La coalition anti-Daech sait par où passent les djihadistes qui se rendent en Syrie
Il s’agit de la plus grosse saisie d’informations depuis l’intervention du raid américain dans la maison d’un responsable de Daech en juin 2015. Dix mille documents et 4,5 térabits de données numériques ont été retrouvés dans la région de Manbij, au nord de la Syrie, rapporte le New York Times le 27 juillet 2016. Un mois plus tôt, les milices arabes et les Kurdes de Syrie, appuyées par les États-Unis, avaient chassé Daech de ce point d’entrée du califat, situé entre la frontière turque et Raqqa, la capitale autoproclamée.
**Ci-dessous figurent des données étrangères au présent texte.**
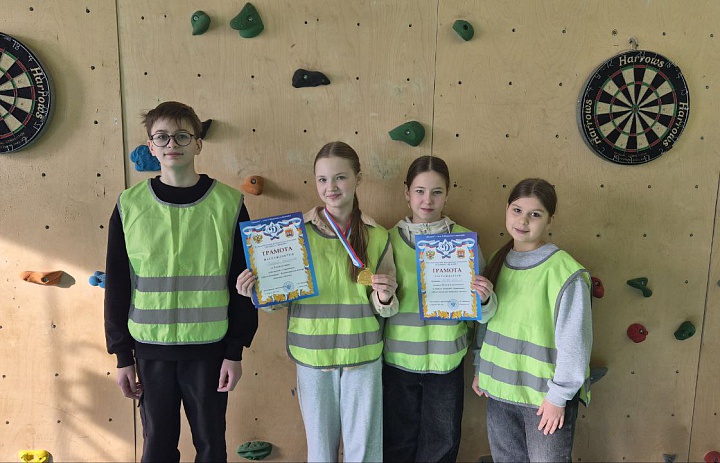 Юные инспекторы движения Дворца творчества детей и молодёжи приняли участие в соревнованиях по дартсу, организованных Калининградским региональным отделением общества "Динамо"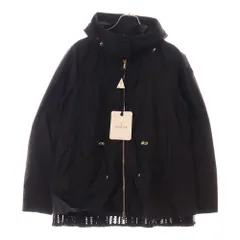 Moncler モンクレール　lotus 裾のレースフリルが素敵なジャケット Moncler モンクレール lotus 裾のレースフリルが素敵なジャケット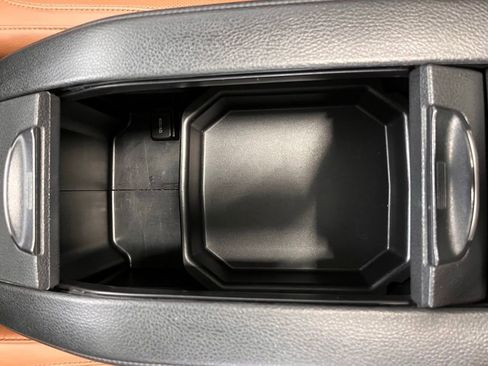 Used 2019 Toyota Highlander Limited AWD/4WD image 28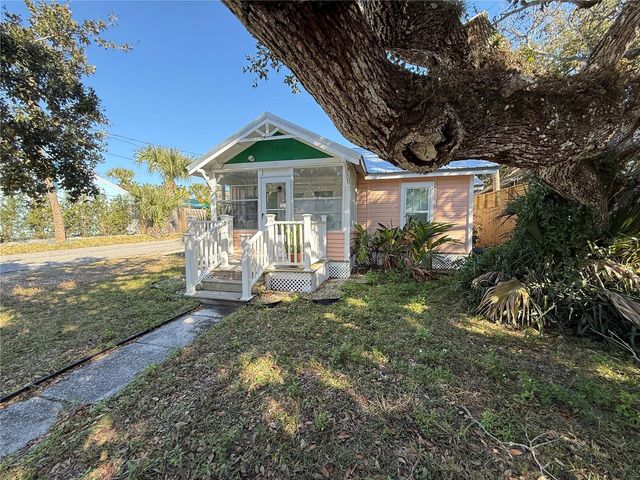 207 N PINE STREET, New Smyrna Beach, FL 32169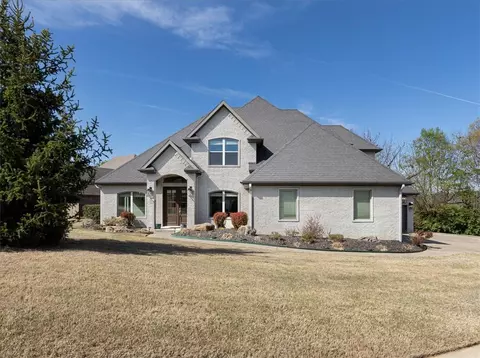 2939 E Flagstone Cir, Fayetteville, AR 72701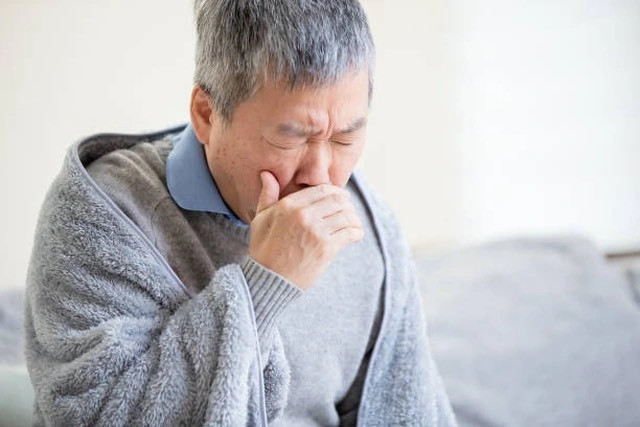 2 tuần ho khan, đau tức ngực, đi khám ung thư phổi di căn 2 tuan ho khan, dau tuc nguc, di kham ung thu phoi di can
Les autorités américaines et ses alliés, notamment européens, en savent désormais plus sur les réseaux des soldats étrangers, leur pays d’origine et les chemins empruntés pour accéder aux portes du «califat islamique». «Le but est que nous puissions tracer leurs réseaux depuis la source et pister tous les points de connexion, que ce soit en Europe, en Afrique du Nord, ou en Asie du Sud-Est», a précisé Brett McGurk, le représentant du président des États-Unis auprès de la coalition.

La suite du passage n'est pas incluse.